Task brief » Output the span of lines from the one that contains "Kép 2/2 - Philips" through the end of the records, inclusive, exactly as written and free of pictures.

──────── Dataset entries

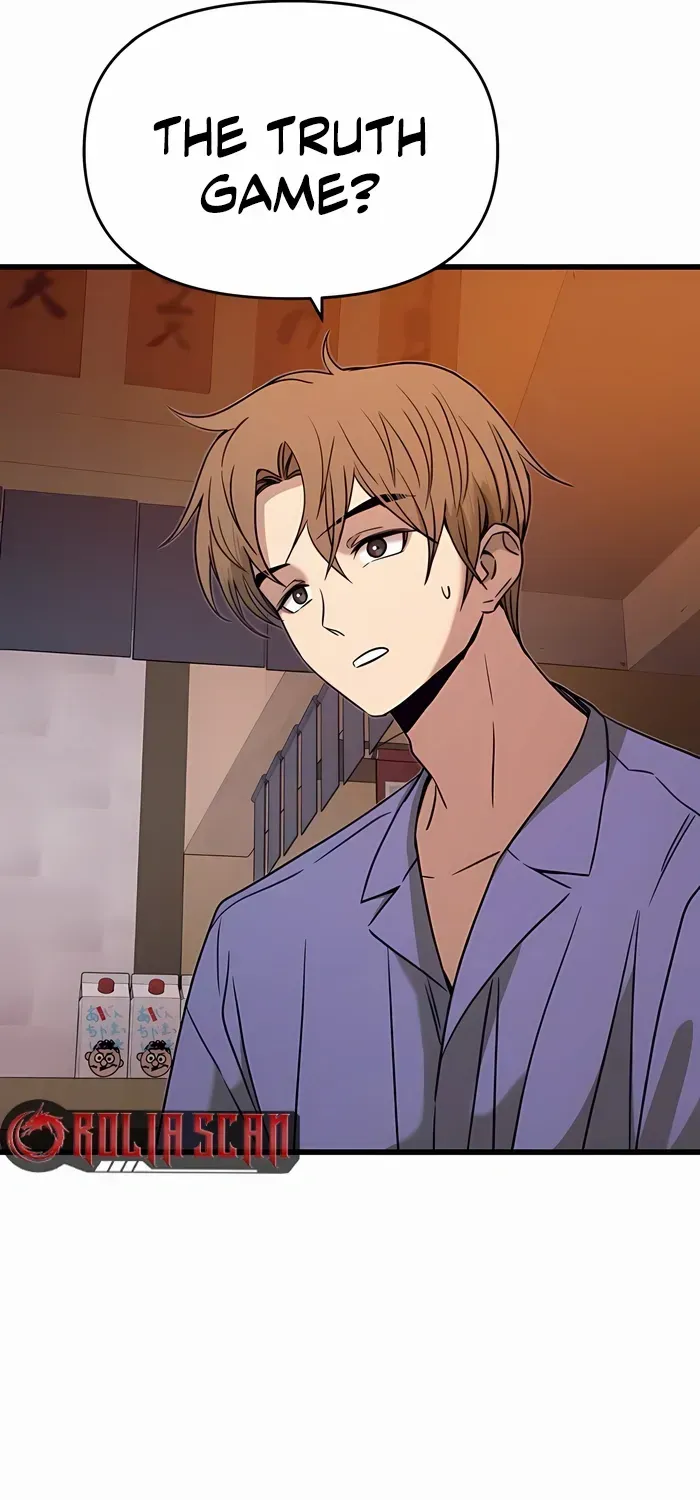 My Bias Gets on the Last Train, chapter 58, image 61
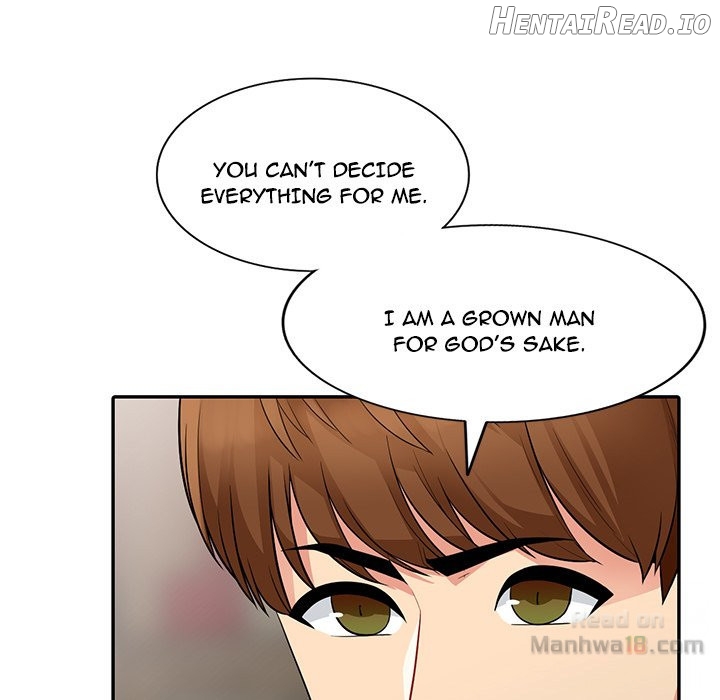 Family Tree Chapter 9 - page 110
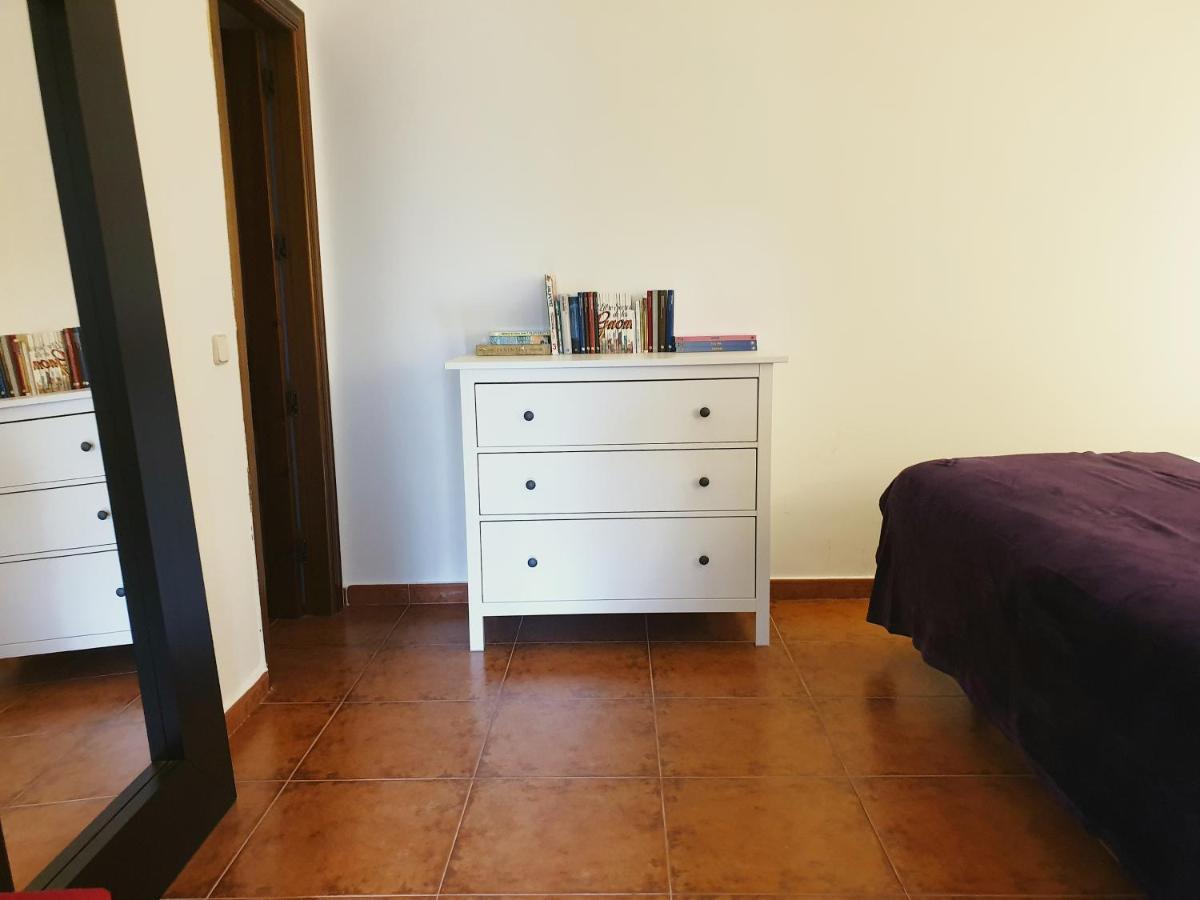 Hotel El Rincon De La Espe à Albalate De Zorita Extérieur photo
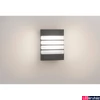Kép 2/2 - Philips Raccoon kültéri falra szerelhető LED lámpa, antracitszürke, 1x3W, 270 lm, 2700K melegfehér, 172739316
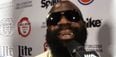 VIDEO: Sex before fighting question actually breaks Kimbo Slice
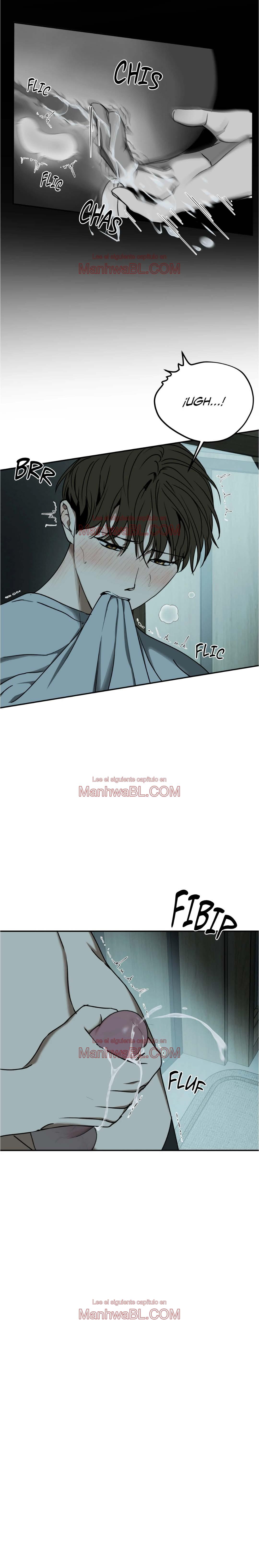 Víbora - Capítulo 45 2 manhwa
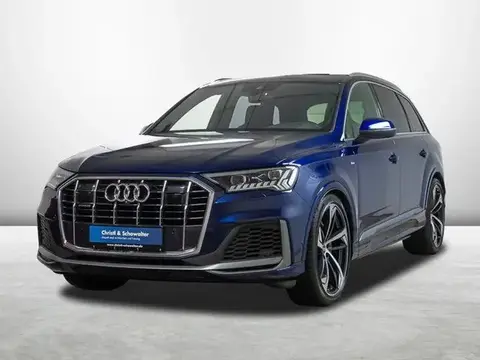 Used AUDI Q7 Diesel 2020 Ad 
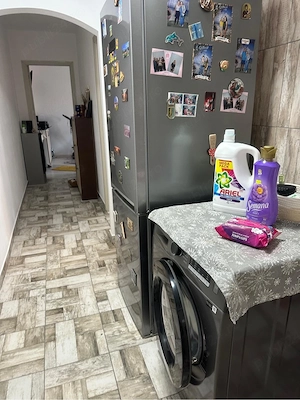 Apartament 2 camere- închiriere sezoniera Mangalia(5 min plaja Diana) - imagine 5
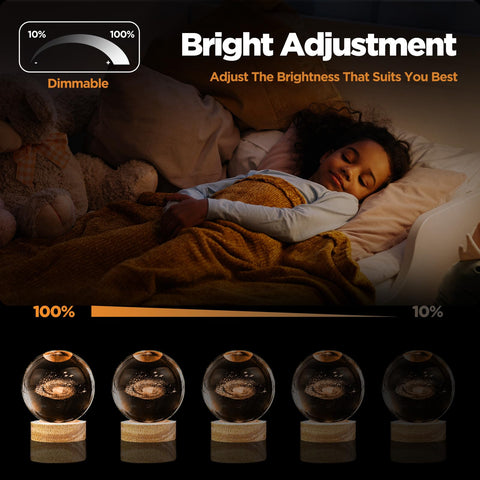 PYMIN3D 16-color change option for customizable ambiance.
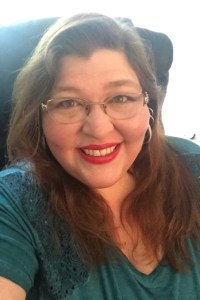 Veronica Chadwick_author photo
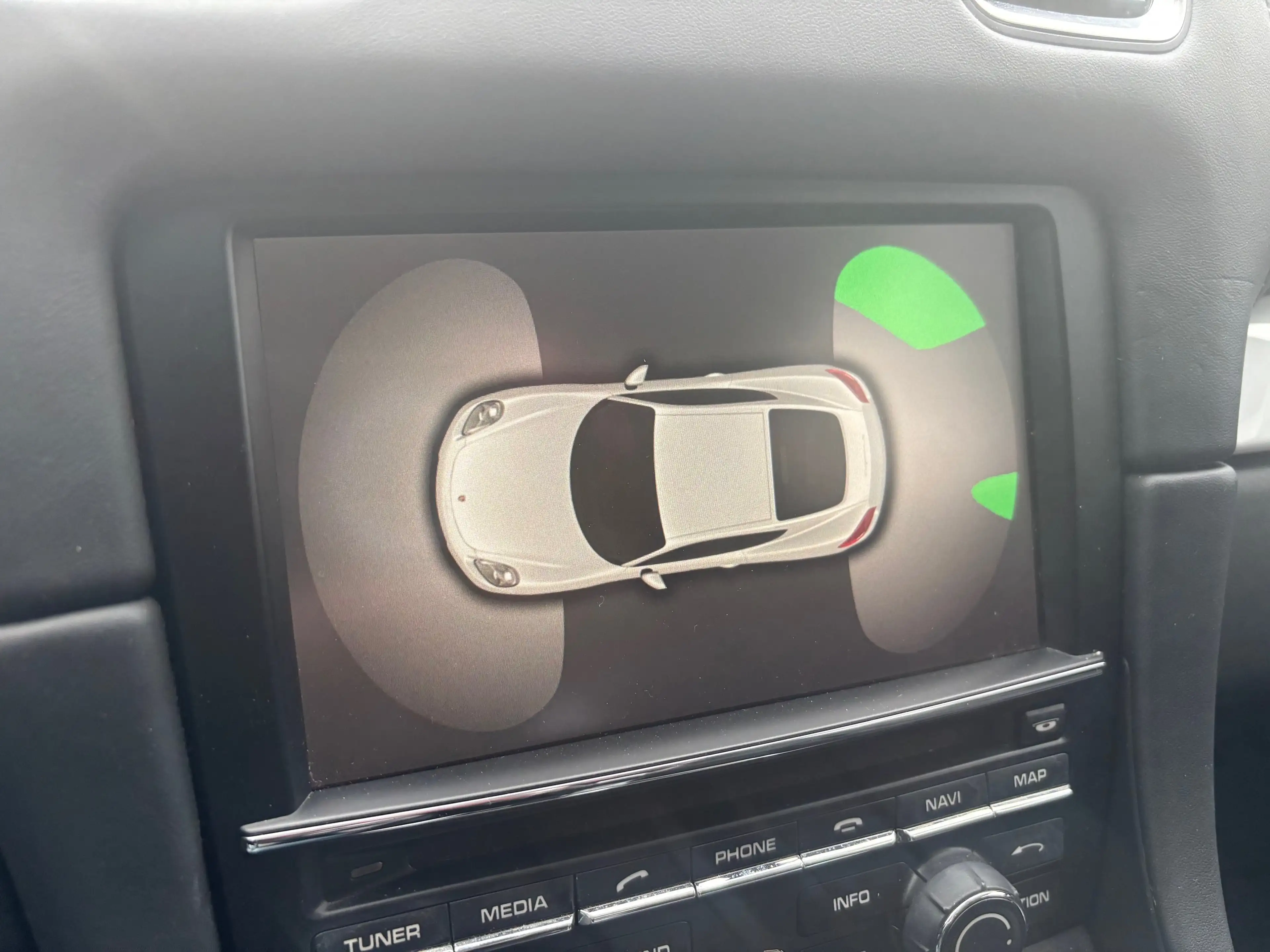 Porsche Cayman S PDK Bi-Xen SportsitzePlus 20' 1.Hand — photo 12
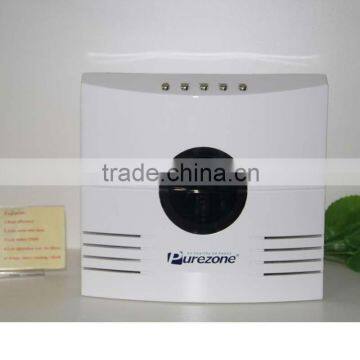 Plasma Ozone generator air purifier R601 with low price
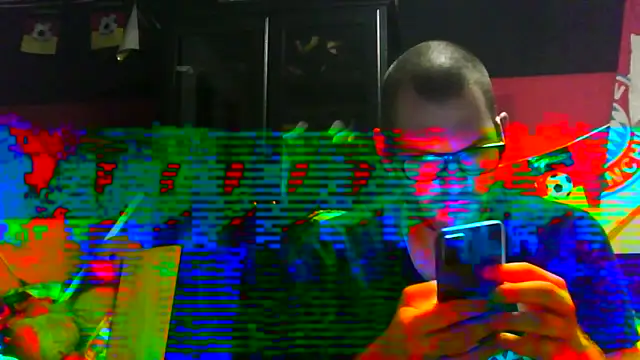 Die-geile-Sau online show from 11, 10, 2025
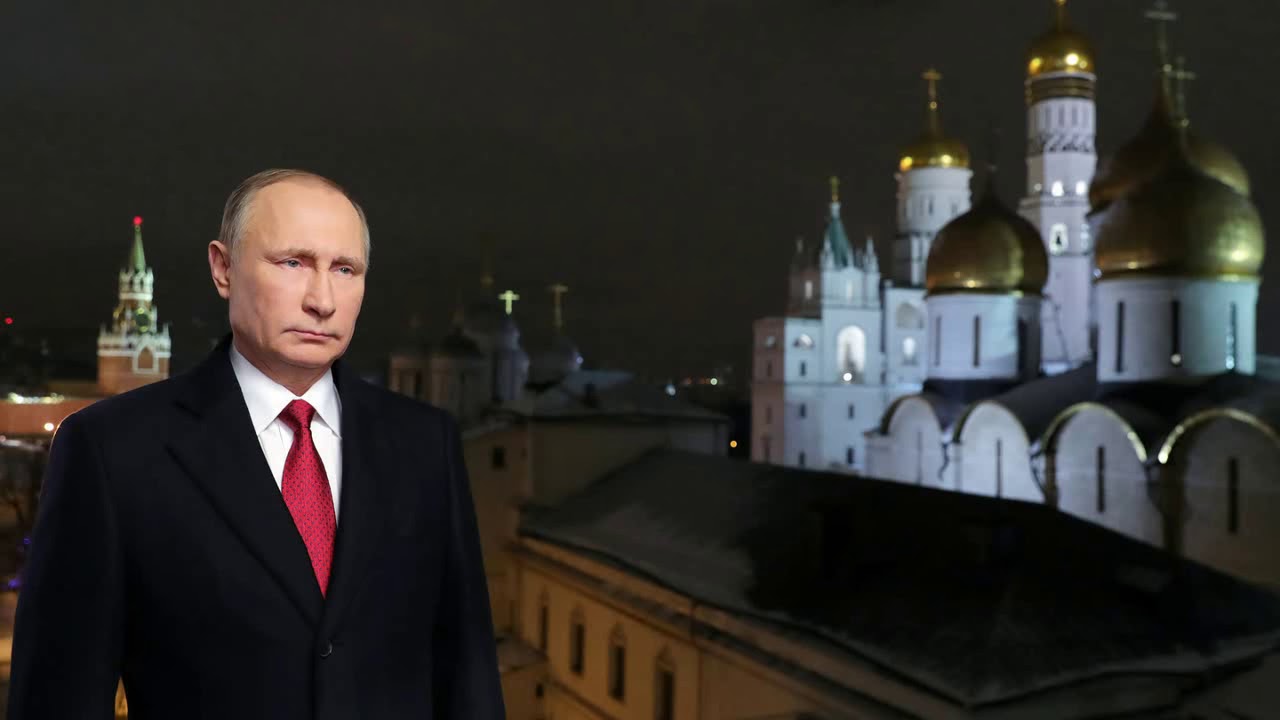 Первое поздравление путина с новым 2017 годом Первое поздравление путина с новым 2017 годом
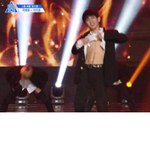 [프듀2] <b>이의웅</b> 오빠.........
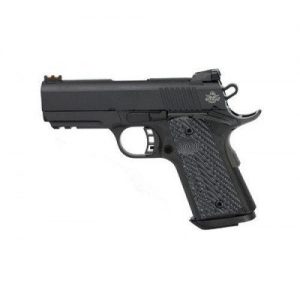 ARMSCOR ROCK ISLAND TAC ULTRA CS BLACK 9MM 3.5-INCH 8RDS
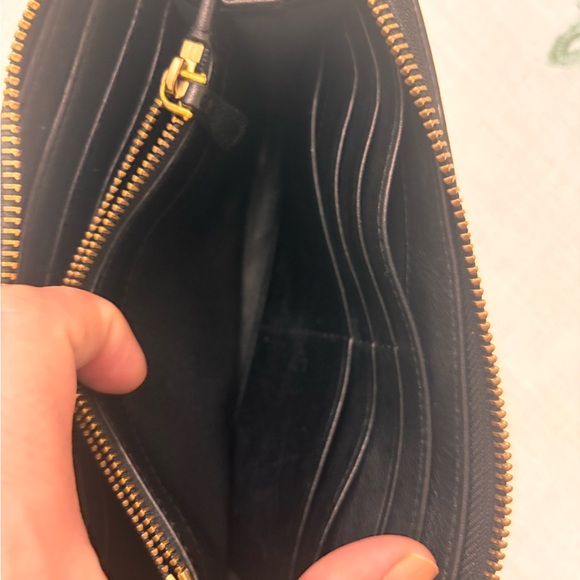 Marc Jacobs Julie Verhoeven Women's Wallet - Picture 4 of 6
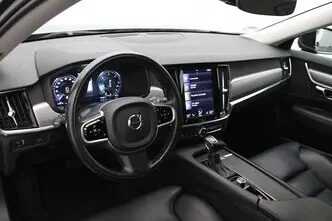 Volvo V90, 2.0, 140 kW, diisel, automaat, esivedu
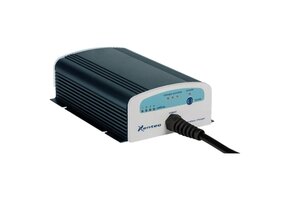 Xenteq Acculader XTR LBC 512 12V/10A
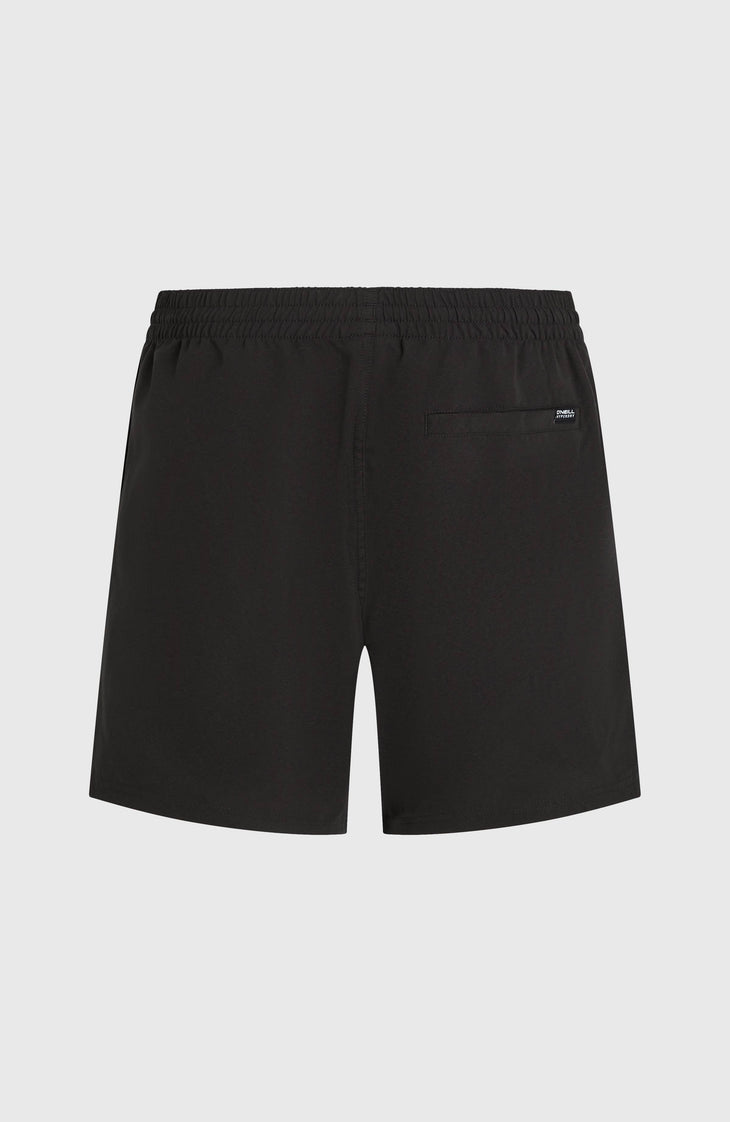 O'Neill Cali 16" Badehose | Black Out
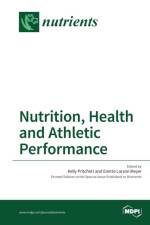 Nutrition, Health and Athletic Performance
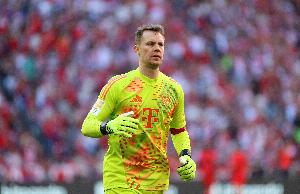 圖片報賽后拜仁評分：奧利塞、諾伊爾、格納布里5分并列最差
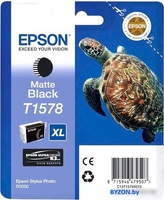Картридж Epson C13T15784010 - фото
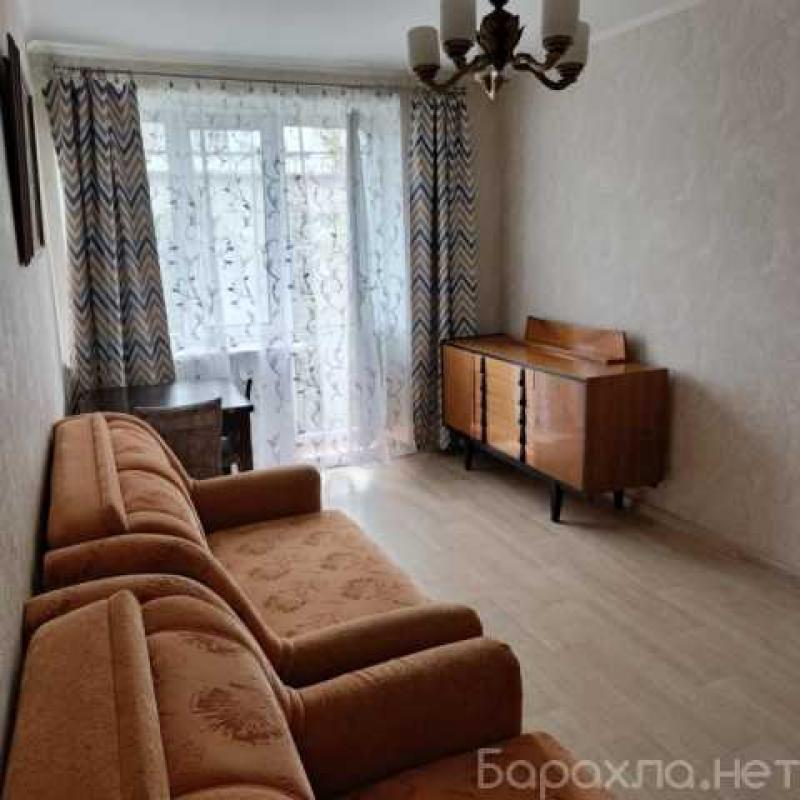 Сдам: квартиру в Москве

────────────────

Exercise answer »
Kép 2/2 - Philips Raccoon kültéri falra szerelhető LED lámpa, antracitszürke, 1x3W, 270 lm, 2700K melegfehér, 172739316
 VIDEO: Sex before fighting question actually breaks Kimbo Slice
 Víbora - Capítulo 45 2 manhwa
 Used AUDI Q7 Diesel 2020 Ad 
 Apartament 2 camere- închiriere sezoniera Mangalia(5 min plaja Diana) - imagine 5
 PYMIN3D 16-color change option for customizable ambiance.
 Veronica Chadwick_author photo
 Porsche Cayman S PDK Bi-Xen SportsitzePlus 20' 1.Hand — photo 12
 Plasma Ozone generator air purifier R601 with low price
 Die-geile-Sau online show from 11, 10, 2025
 Первое поздравление путина с новым 2017 годом Первое поздравление путина с новым 2017 годом
 [프듀2] <b>이의웅</b> 오빠.........
 ARMSCOR ROCK ISLAND TAC ULTRA CS BLACK 9MM 3.5-INCH 8RDS
 Marc Jacobs Julie Verhoeven Women's Wallet - Picture 4 of 6
 Volvo V90, 2.0, 140 kW, diisel, automaat, esivedu
 Xenteq Acculader XTR LBC 512 12V/10A
 O'Neill Cali 16" Badehose | Black Out
 Nutrition, Health and Athletic Performance
 圖片報賽后拜仁評分：奧利塞、諾伊爾、格納布里5分并列最差
Картридж Epson C13T15784010 - фото
 Сдам: квартиру в Москве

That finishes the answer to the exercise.